Serve as a main dish with crackers or a generous slice of Homemade Self-Rising Cornbread.
ENJOY!
To obtain calories and nutritional information by weight, visit popular online nutritional calculator myfitnesspal.com.
Copy recipe link in the address bar and add it to their calculator. No need to type each ingredient.
Homemade Cream of Chicken Soup
Ingredients
INGREDIENTS
- 3-1/4 cups chicken broth Homemade or store-bought.
- 1 cup whole milk or 2% milk
- 1/4 cup all-purpose flour, sifted
- 1/2 teaspoon coarse ground black pepper
- salt to taste
- 1 teaspoon ground sage
- 1/4 teaspoon garlic powder optional
- 1/4 teaspoon onion powder optional
- 1/4 cup shredded chicken (cooked) optional
Instructions
INSTRUCTIONS
- Pour chicken broth in saucepan.
- Pour milk into a medium bowl. Add sifted flour.

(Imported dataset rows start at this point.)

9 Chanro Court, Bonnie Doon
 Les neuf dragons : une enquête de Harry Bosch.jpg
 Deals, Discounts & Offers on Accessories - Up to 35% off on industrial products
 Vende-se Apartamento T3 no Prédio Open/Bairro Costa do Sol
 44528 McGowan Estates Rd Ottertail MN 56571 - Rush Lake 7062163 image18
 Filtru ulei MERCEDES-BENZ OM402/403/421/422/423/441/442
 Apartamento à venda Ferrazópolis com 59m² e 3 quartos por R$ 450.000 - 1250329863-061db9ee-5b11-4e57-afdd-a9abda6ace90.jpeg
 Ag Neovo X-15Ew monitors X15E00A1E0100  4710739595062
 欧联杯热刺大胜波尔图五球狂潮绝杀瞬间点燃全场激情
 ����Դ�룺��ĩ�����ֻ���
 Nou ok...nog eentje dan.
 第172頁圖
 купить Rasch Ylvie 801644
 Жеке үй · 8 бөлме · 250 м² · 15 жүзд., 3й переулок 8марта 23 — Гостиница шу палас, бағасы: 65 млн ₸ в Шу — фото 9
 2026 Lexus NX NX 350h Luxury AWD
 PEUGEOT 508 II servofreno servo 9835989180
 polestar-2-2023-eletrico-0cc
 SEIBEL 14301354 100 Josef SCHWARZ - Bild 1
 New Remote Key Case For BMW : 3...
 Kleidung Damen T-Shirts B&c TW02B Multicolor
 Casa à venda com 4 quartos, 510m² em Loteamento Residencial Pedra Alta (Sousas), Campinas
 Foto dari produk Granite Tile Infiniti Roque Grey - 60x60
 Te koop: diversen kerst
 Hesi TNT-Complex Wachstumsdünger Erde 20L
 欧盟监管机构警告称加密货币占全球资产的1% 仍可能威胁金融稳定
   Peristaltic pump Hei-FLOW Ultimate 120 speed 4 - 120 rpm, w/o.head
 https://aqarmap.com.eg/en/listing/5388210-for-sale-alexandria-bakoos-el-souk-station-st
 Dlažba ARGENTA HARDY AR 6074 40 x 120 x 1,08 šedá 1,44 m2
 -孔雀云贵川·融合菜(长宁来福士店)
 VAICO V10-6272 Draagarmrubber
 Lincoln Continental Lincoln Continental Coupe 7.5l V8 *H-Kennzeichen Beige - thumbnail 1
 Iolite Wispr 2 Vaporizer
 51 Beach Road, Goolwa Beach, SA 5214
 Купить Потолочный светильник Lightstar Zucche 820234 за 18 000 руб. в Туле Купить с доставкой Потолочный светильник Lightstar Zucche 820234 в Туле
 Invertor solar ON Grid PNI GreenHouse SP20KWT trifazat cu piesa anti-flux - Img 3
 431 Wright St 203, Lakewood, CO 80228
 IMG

Stir with whisk until smooth.
- Add ground sage, coarse ground black pepper, garlic powder (if using), onion powder (if using). Whisk together until evenly combined. Set bowl aside.
- Simmer chicken stock over medium heat until bubbles appear around edges (not boiling).
- Pour in milk/flour mixture. Whisk constantly for 3-4 minutes until mixture thickens. Whisking will keep soup smooth (no lumps). Turn heat off. Stir in shredded chicken (if using).
- Soup will thicken slightly as it cools. Taste cooled soup. Season with preferred amount of salt.
- Makes 3-1/2 to 4 cups. Two cups are equivalent to 1 can (10.5 ounces) cream of chicken soup.
- STORAGE: Pour cooled cream of chicken soup into a large freezer bag. Make sure it's sealed tight. Store in freezer for up to 10 days.